Check out the latest imagineered Audi from Theophilus Chin. Earlier this week we featured his take on a B8 RS 4 with the latest facelift changes and now he's put together a production-looking 2-door take on the A3 sedan concept shown last spring in Geneva.

*So What Do We Think?*
First and foremost, Chin's re-working of the A3 sedan takes it in a more production-looking direction, which helps envision the car. Audi design boss Stefan Sielaff said the production A3 sedan will be just a bit taller than the A3 concept and this appears to have the more aggressive proportions of the show car. Also, it retains the frowning lower intakes with aluminum trim at the front that likely hint at the next-gen RS 3's own appearance... but that's a guess on our part.

As for a two-door coupe like Chin's proposal above, we've heard nothing of such a body style thus far. That's not to say it couldn't happen though. It's known that the next-generation A3 Cabriolet will be based on the notchback sedan bodystyle, meaning stampings like doors and interior trim will be in place for a two-door version. It wouldn't be **that** hard for Audi to add this bodystyle... at least it'd be a lot easier than generations past.

It's obvious that the A5 and all S/RS variants have been a sales success for Audi. Might a coupe on the A3 level also add to the volume without cannibalizing the A5? Time will tell.

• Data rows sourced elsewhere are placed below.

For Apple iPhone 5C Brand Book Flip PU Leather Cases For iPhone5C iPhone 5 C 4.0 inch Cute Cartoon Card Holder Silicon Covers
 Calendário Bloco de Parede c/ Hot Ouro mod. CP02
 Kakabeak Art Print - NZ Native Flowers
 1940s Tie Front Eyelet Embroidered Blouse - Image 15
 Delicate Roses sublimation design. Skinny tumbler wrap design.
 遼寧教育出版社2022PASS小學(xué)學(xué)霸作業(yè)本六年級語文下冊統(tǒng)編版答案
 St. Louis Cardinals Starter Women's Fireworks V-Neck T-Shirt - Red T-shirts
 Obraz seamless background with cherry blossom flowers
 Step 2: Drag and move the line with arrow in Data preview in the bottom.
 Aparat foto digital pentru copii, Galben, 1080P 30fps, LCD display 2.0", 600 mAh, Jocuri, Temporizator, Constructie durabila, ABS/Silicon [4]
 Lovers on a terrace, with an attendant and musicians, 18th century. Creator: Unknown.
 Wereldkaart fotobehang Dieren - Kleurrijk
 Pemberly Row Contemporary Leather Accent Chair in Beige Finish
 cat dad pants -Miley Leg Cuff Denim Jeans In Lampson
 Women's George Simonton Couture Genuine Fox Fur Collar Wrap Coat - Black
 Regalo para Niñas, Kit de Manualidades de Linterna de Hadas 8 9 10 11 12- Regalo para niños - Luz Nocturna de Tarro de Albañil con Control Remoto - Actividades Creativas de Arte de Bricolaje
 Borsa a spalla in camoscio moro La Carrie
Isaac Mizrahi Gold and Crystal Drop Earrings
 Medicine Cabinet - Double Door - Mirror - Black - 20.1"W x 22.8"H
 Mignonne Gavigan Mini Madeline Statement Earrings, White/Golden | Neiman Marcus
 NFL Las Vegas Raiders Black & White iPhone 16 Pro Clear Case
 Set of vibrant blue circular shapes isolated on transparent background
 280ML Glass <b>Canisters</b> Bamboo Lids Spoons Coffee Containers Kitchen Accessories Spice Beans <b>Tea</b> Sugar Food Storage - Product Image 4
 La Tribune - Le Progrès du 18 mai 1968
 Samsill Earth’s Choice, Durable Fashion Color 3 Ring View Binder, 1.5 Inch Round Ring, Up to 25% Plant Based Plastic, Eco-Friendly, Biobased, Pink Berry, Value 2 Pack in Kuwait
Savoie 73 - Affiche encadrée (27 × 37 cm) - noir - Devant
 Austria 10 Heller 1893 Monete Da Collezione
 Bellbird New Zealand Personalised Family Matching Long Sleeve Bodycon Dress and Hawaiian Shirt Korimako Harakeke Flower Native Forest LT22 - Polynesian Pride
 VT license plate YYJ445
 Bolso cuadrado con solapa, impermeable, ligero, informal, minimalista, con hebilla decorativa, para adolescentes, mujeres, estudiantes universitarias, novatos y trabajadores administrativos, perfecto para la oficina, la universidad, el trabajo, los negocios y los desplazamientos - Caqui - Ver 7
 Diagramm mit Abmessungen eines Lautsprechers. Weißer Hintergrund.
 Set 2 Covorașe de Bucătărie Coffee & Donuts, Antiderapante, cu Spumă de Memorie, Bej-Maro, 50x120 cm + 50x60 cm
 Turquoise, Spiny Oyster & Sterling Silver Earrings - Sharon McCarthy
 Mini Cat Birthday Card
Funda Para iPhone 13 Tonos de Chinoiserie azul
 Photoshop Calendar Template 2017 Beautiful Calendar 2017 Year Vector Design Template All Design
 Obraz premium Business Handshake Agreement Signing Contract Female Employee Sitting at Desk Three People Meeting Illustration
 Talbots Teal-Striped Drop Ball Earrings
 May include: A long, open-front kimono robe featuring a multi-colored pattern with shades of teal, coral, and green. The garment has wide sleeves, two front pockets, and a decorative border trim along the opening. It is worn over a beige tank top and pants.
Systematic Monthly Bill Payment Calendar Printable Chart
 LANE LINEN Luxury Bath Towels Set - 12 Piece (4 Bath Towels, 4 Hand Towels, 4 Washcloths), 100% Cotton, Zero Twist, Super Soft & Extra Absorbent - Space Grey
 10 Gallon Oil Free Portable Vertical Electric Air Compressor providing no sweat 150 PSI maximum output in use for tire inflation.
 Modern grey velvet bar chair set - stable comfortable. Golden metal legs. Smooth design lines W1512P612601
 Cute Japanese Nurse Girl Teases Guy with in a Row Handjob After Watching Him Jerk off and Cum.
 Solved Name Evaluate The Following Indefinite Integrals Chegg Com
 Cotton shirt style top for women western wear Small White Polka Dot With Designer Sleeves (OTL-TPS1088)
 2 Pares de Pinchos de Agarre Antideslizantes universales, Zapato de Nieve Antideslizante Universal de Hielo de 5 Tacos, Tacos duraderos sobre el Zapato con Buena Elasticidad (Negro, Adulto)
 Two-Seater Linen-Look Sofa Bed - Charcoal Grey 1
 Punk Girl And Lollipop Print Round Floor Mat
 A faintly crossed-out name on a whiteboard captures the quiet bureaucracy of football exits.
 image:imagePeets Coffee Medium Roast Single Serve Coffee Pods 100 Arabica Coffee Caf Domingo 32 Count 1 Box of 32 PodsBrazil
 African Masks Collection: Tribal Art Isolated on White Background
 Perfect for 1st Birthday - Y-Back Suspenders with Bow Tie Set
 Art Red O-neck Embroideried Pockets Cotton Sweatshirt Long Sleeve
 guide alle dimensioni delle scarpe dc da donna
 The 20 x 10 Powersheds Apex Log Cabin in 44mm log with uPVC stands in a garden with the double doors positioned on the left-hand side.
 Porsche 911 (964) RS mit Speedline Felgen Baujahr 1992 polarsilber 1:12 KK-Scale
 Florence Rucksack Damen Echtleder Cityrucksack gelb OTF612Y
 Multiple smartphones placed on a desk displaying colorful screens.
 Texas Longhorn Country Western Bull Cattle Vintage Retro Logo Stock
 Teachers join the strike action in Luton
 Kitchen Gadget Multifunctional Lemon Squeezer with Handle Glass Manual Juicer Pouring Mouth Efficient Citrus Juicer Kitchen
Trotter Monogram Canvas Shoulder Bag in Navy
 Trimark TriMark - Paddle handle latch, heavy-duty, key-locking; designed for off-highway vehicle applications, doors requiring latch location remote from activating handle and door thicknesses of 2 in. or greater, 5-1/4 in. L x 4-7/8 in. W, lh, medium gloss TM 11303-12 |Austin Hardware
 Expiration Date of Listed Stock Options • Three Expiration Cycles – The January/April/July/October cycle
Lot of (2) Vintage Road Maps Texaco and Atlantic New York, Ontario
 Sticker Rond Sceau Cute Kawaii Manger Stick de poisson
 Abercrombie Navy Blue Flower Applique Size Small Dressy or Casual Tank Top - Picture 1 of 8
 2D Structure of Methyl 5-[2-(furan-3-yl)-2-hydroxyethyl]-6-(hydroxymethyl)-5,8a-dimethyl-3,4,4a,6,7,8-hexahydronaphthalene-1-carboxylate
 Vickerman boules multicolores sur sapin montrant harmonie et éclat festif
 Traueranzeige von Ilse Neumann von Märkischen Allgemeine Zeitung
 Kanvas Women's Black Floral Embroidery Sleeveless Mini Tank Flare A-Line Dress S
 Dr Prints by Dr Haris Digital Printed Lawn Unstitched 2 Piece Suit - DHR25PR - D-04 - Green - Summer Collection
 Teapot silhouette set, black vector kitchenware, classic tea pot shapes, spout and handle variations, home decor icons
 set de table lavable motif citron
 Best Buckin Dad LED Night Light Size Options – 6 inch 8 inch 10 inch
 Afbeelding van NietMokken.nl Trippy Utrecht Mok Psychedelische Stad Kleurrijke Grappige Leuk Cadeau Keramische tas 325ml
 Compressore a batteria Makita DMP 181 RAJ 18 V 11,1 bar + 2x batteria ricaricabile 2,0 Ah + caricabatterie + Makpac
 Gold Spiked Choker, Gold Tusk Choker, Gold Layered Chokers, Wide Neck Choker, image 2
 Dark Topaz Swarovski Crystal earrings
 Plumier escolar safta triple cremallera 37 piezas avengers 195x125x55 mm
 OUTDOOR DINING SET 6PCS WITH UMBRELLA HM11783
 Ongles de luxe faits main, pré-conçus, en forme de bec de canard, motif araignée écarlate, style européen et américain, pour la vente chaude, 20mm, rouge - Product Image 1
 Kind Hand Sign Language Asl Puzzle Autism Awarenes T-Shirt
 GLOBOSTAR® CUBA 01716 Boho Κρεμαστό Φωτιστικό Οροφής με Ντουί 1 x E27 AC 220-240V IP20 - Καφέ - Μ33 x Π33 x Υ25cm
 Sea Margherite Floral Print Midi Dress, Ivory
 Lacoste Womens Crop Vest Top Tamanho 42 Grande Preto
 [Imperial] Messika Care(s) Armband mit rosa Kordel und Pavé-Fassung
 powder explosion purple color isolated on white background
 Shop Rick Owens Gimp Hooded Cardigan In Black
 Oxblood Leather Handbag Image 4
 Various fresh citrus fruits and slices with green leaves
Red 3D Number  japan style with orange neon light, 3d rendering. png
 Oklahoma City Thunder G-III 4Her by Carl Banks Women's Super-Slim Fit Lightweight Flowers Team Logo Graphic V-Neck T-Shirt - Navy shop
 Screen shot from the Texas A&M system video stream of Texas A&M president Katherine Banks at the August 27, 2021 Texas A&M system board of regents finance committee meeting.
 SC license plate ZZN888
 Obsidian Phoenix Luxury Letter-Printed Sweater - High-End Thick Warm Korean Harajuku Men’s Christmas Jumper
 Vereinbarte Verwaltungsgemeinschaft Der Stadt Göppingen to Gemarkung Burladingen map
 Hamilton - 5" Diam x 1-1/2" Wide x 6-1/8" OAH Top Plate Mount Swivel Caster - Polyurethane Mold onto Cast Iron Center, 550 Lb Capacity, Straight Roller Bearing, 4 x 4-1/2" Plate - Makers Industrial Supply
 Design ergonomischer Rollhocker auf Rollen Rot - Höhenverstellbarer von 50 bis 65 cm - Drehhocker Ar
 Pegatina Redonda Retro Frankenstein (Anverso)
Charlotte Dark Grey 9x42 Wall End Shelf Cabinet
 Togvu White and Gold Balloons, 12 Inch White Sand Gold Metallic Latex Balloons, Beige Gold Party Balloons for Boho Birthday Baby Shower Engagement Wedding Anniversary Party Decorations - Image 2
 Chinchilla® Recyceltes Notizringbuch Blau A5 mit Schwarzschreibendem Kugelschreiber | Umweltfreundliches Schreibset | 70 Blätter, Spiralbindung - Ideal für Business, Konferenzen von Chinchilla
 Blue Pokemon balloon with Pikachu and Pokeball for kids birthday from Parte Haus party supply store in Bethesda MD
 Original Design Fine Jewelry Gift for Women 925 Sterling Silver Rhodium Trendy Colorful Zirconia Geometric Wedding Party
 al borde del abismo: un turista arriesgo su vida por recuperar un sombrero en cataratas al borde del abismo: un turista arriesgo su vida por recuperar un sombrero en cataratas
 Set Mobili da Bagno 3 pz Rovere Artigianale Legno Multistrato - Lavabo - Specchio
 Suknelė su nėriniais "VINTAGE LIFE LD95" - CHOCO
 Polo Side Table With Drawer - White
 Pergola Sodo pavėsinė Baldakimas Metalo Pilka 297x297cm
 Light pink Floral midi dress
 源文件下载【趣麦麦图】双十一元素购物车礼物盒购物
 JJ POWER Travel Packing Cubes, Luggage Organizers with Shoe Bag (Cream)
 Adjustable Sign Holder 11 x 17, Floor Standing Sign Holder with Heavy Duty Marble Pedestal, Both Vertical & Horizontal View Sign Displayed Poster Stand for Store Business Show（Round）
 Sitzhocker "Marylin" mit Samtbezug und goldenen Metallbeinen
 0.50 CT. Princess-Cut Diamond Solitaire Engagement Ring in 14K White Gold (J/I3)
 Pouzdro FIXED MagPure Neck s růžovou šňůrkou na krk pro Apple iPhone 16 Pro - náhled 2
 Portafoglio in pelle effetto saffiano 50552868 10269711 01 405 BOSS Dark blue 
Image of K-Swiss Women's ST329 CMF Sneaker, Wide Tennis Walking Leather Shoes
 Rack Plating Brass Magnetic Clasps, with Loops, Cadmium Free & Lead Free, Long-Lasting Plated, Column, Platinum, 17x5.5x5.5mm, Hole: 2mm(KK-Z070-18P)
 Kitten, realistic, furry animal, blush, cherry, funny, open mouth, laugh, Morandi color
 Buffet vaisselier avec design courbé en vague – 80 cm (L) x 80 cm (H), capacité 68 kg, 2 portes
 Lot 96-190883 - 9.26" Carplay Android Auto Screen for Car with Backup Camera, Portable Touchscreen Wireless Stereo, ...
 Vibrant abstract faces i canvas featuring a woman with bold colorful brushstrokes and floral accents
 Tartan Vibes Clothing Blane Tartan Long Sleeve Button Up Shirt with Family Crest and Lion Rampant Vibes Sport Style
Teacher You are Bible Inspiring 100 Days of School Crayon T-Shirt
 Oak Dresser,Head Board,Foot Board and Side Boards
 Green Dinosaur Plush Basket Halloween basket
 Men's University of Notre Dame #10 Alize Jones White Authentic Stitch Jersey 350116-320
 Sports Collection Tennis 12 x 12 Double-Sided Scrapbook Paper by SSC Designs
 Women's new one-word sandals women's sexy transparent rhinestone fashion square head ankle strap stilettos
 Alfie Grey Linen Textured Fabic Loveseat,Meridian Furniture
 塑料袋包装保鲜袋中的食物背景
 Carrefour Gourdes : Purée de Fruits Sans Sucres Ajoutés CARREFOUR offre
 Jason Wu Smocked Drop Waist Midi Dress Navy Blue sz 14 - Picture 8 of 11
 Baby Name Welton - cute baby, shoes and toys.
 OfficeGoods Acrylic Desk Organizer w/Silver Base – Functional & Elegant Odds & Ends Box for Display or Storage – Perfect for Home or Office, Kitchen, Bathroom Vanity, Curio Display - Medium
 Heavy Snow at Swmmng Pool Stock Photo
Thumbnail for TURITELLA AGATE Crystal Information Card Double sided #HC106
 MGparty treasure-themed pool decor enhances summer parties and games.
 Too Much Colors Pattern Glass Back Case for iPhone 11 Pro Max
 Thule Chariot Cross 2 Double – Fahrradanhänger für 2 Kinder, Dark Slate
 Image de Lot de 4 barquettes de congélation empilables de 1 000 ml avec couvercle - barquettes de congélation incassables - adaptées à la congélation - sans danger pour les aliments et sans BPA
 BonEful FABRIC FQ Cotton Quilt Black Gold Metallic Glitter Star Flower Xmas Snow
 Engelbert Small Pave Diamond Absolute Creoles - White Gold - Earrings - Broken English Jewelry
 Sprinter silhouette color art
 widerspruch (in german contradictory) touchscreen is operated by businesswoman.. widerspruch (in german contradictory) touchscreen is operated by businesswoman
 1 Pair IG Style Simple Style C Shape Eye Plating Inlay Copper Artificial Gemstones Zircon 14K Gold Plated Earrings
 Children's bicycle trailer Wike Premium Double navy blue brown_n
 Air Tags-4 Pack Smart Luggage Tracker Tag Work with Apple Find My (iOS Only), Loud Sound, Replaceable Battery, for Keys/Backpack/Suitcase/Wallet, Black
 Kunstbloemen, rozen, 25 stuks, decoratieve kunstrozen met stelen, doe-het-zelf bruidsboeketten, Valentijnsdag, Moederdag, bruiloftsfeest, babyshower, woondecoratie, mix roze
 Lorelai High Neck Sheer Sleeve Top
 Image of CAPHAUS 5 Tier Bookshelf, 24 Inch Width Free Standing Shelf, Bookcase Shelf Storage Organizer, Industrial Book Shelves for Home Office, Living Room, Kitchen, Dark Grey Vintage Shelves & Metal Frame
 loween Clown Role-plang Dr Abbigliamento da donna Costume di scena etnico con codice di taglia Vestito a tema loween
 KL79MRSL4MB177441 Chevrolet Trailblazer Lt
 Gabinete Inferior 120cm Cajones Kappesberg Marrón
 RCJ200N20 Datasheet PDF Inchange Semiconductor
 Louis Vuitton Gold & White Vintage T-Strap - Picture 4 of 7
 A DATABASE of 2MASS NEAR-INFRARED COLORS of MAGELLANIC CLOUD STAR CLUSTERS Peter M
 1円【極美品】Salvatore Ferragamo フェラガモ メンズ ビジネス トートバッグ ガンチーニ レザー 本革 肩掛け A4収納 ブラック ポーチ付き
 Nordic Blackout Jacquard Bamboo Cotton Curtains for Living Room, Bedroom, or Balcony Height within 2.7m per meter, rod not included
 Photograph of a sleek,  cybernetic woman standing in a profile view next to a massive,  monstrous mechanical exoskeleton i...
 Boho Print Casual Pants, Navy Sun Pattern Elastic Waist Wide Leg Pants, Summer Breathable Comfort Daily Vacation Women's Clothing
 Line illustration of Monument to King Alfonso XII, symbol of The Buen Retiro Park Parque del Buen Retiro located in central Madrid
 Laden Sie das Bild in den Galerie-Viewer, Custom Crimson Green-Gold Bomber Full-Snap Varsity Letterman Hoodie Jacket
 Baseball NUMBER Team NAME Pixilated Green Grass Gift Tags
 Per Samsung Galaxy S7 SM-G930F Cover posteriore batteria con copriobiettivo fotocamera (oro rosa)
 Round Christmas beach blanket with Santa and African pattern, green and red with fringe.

That Audi hasn't mentioned such a body configuration isn't exactly positive, but that doesn't mean it couldn't happen.

Check out a rear view and the above shot in high-res at Theophilus Chin's website linked below.

* Full Story *


----------



## R5T (Apr 7, 2010)

This would make a next Gen Audi TT totally superfluous.


----------



## [email protected] (Apr 9, 2004)

R5T;bt1369 said:


> This would make a next Gen Audi TT totally superfluous.


Maybe... maybe not. If it's steel and heavier than the TT, not as exotic, etc. In remote importer markets like the USA you might be right... but in the EU I suspect there's room for both.


----------